A Science is a System

The problem of the truly scientific nature of modern aesthetics is cardinal. One can hardly regard as a contribution to it the innumerable theoretical essays following the pattern of "Reflections Concerning...", which should really be taken to mean and have a subtitle "My Taste in Art". A noted American art critic Thomas Munro called one of his books Toward Science in Aesthetics1.
Fed up with impotent efforts, the author longs for a truly scientific approach taking issue with those who think that science is dreary and that it kills everything it touches. According to Munro, the scientific approach implies observing and classifying facts and evolving general laws.
But even a great number of correct observations, classified facts and established laws, even brought together, do not add up to a science, just as a pile of bricks, even sorted out according to size, is not a building. Science is not a collection of truths, facts, observations or ideas. Science is knowledge organised in a certain way and subordinated to social practice.
A science is a system which has the following essential characteristics:
1. A logical connection and subordination, a hierarchy of concepts, categories and laws and a specific order of ideas. A scientific problem in aesthetics can be solved only if it is tied up with adjacent problems and dealt with as part of an overall system and with the help of a single set of methods.
2. A system is an organised (orderly) multitude consisting of separate elements but not reducible to their simple sum.
Aesthetics is a system of laws and categories which give a theoretical description of the world in its great diversity and value to mankind, an artistic cognition of this world, creative activity according to the laws of the beautiful, the substance of art, features of its development, specifics of creativity, perception and social functioning of culture.

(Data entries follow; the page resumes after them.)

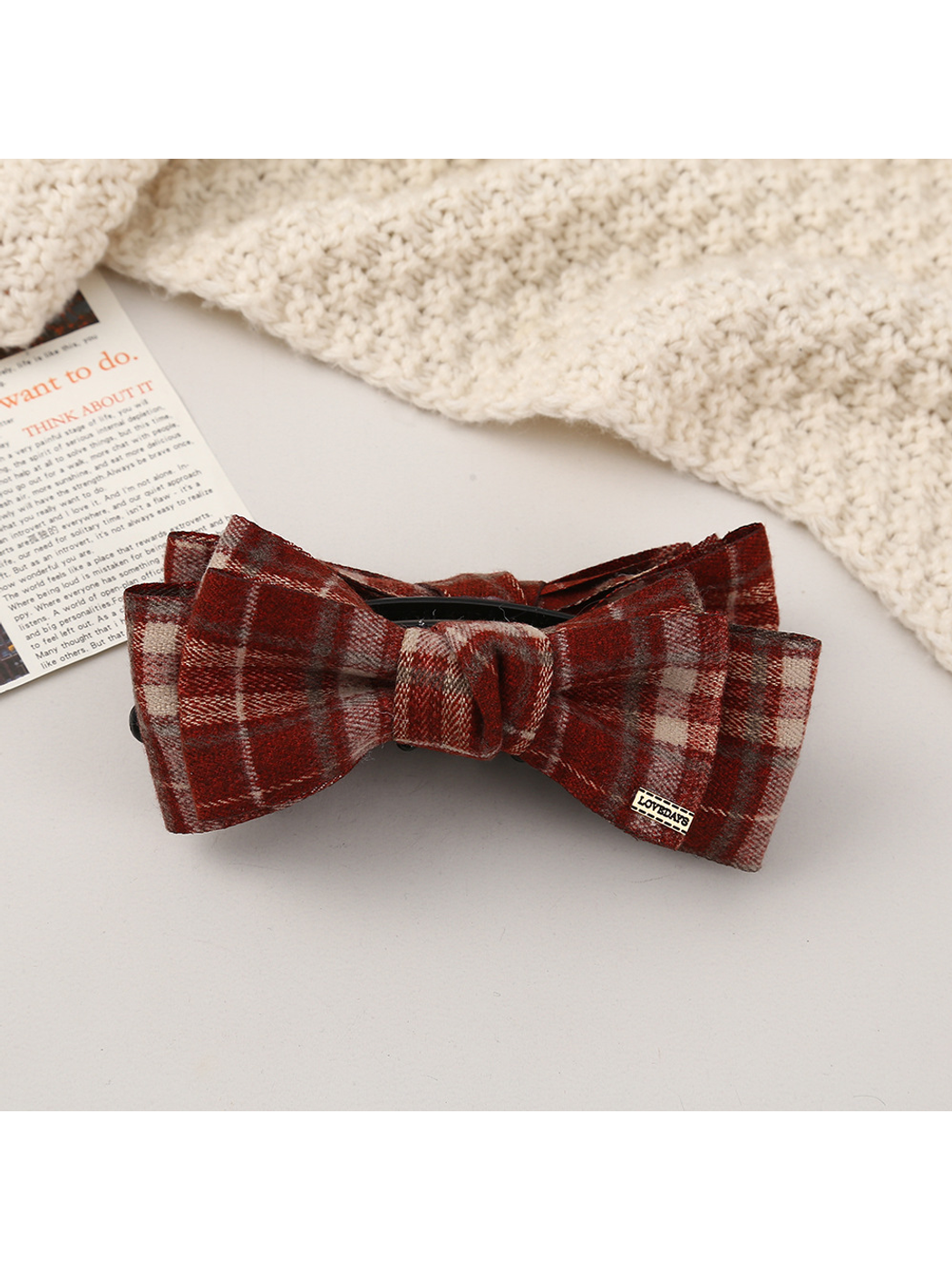 Beau - Vintage Bow Plaid Large Claw Clip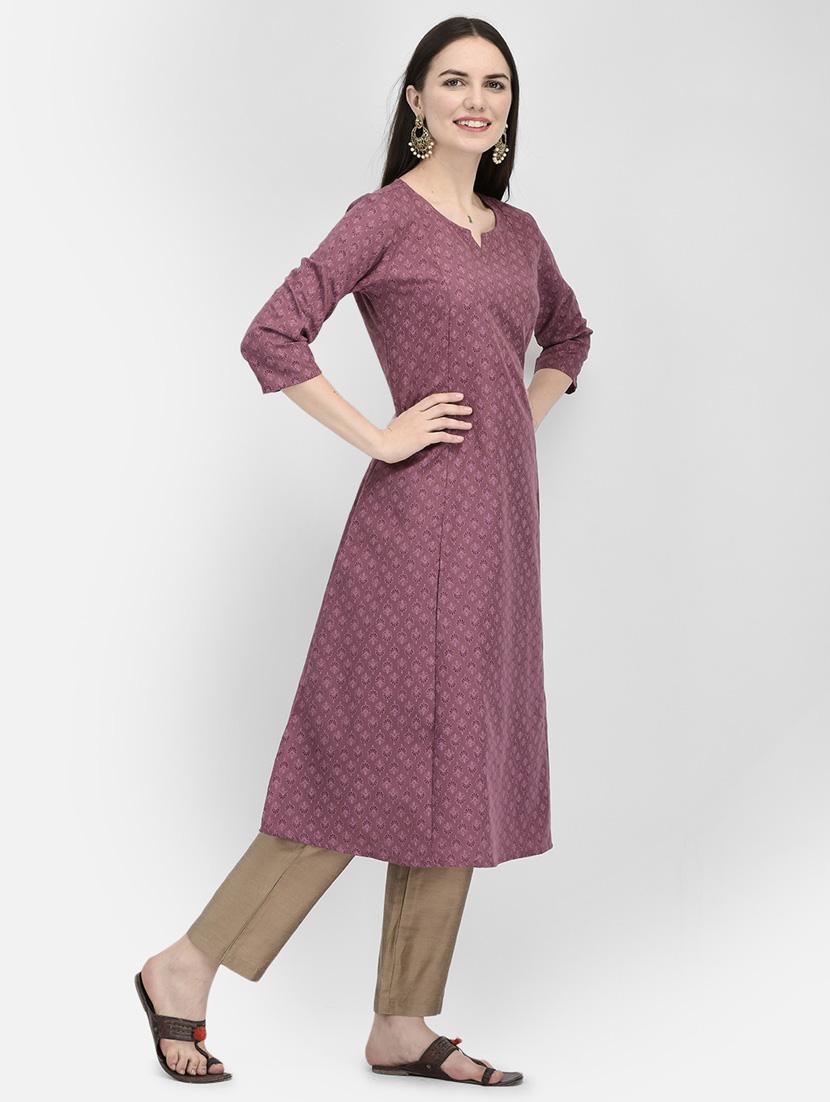 women three quarter sleeve a-line kurta - 21181063 - Standard Image - 2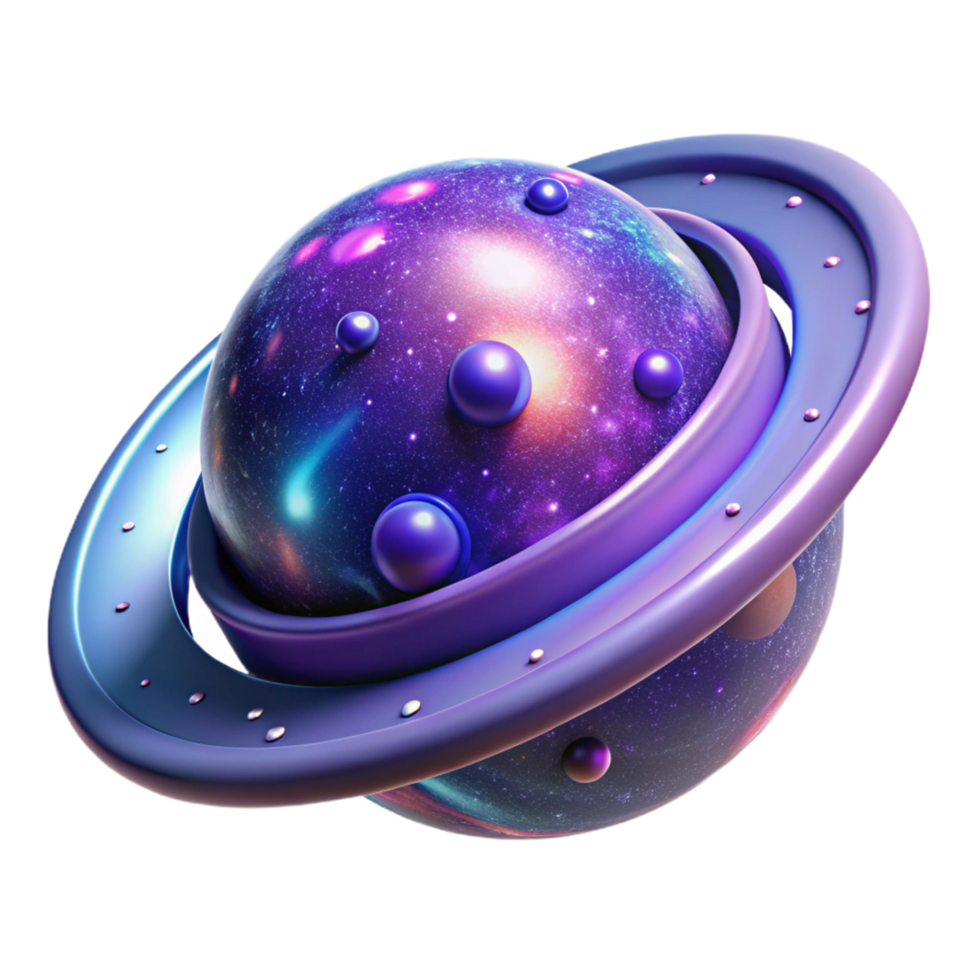 Cosmic Sphere with Ring System 3D Render of Celestial Body png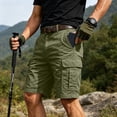 thumbnail image 6 of GrmtClth Cargo Shorts Men Twill Cotton Stretch Comfy 17 Inch Inseam Summer Athletic Outdoor Golf Fishing Casual Work Knee Length Shorts Light Green XL, 6 of 9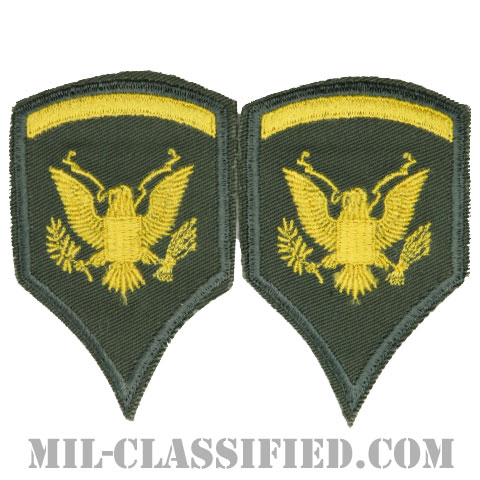 特技兵 (SP2)（Specialist 2nd Class）[カラー（グリーン）/カットエッジ/階級章（1955-1959）/パッチ/ペア（2枚1組）]の画像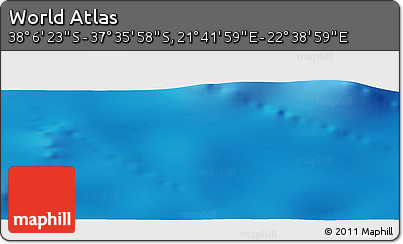 Physical Panoramic Map of the Area around 37° 51' 10" S, 22° 10' 29" E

3. Concrete and universal ideas interlinked in the scientific system, the ability not to simply accumulate and relate the facts but rise over them and get a bird's-eye view of them. A scientific system always disengages itself from facts putting them only to indirect use. In this sense, aesthetics bases its theoretical generalisations on the infinite realm of the practical and artistic cognition of the world according to the laws of the beautiful.
4. Monism, i.e. proceeding from the same initial positions when interpreting all phenomena. The significance of Mendeleyev's discovery in chemistry lies in the fact that the knowledge of the subject was supplemented without any additional research but only by organising the accumulated knowledge into a system based on a single principle. Such single basis for a systematic organization of knowledge in aesthetics is provided by the interpretation of the aesthetic as the universally valuable.
5. A major feature of a scientific system is the absence of anything superfluous (the principle of minimum sufficiency). The minimum number of axioms or other points of departure should encourage such evolution of ideas which would enable them to embrace the maximum number of facts and phenomena. This lends logical elegance and beauty to a scientific system. In this respect, aesthetics may borrow the experience of physics in its movement towards the theory of relativity. Einstein said that initial hypotheses are becoming ever more abstract and removed from life experience. Yet we are coming ever nearer to the lofty scientific purpose: to embrace, through logical deduction, the maximum number of facts of life while basing on the minimum number of hypotheses and axioms.
6. Inherent in a scientific system are openness and readiness to take in and theoretically "process" hitherto unknown facts and phenomena. The possibilities of aesthetic cognition of the world are boundless; therefore, a closed aesthetic system is necessarily faulty. Only a system built on a monist basis, open to all new facts and not claiming to be absolutely complete but seeking to assimilate all the entire historical experience of mankind and to meet the requirements of the day, a system which is capable of growing, filling its own gaps and embracing new ideas, only such a system can be fruitful and promising. Aesthetics crystallises the experience of man's artistic development, which is infinite.
When in flight, an aircraft is both supported by air and has to overcome its resistance. That is the way for aesthetic thought to approach the facts of art. Facts are the air of science, and thought, its wings. To rise above them but keep them in view in a sublated form is the only way to form concrete and generalised opinions in aesthetics, which are equally alien to barren empiricism on the one hand and empty abstraction on the other. To sum up, aesthetics as a science is a system of laws, categories and general concepts presenting, in the light of certain social practice, essential aesthetic ties, relationships and qualities of real life, and the process of its cognition according to the laws of the beautiful.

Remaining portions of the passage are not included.